The inaugural committee raised money from corporations and individuals to finance galas and other festivities during inauguration week. Through Friday, the committee had collected $25.5 million toward a goal of $40 million.
The biggest donors, those donating $250,000, also got four seats to Bush's swearing-in ceremony; 10 VIP seats at the inaugural parade; and two tickets to an underwriters' luncheon featuring the president and vice president.
Unlike Mr. Bush's presidential campaign, the inaugural committee could accept unlimited contributions from any source except foreigners, although donations were voluntarily capped at $250,000. Mr. Bush's campaign could only accept limited donations from individuals and political action committees; corporate, union, unlimited and foreign donations were banned.
On Tuesday, the president put politics on the back burner, focusing instead on themes everyone can agree on: supporting the troops and encouraging volunteerism.

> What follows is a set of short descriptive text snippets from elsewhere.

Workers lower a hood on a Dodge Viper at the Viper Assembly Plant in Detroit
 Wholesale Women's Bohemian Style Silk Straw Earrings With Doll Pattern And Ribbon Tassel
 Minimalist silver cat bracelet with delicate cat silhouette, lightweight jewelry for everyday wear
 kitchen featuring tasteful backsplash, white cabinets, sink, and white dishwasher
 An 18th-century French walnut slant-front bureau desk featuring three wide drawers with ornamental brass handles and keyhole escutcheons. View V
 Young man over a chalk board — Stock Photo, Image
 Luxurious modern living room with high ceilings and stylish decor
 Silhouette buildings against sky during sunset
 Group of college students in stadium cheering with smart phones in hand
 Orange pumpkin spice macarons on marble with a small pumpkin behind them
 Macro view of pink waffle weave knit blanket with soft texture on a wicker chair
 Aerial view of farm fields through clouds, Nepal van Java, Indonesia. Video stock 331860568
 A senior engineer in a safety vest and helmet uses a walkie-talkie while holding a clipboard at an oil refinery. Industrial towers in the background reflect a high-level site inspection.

His speeches dovetailed with his second inauguration theme: "celebrating freedom and honoring service."
He called elections in Afghanistan and Iraq "landmark events in the history of liberty."
"None of it would have been possible without the courage and the determination of the United States armed forces," he said.
"Take time out of your life to make somebody else's life better by helping heal a broken heart or surrounding a friend with love or feeding the hungry or providing shelter for the homeless," Mr. Bush told thousands of invited young people Tuesday evening. "You can help change America for the better, one heart, one soul, one conscience at a time."
Meanwhile, "unprecedented" security measures continued in the nation's capital, including an immense contingent of law enforcement personnel and high tech equipment, the director of the Secret Service said Wednesday.
"We don't want to leave anything to chance," said Ralph Basham, the Secret Service chief. "We want to make sure that everyone who comes to participate in these events" can do so in a "safe, secure fashion."
Though there have been heightened security measures in the Capitol and other Washington locations since the Sept. 11, 2001, terrorist attacks, Basham said that "this is unprecedented when it comes to the level of security that will be in effect for the inauguration and those events that are surrounding it."
Authorities have received no specific threats with respect to Thursday's inauguration but are "prepared to deal with any eventuality," Basham said during an appearance on CBS News' The Early Show.
That was evident in the massive response to an incident Tuesday in which a man upset over custody of his child threatened to blow up his van a block from the White House, prompting a 4½-hour standoff with police.
The stand off ended peacefully — the man surrendered without incident — but not before hundreds of officers, snipers on rooftops, gun-drawn Secret Service agents, armored vehicle and hazard materials personnel responded to the Pennsylvania Avenue location.
Portions of several streets were closed during the stand off, creating traffic gridlock in downtown Washington — a preview, perhaps, of Thursday's inauguration and parade, when dozens of streets from the Capitol to the White House will be closed to traffic.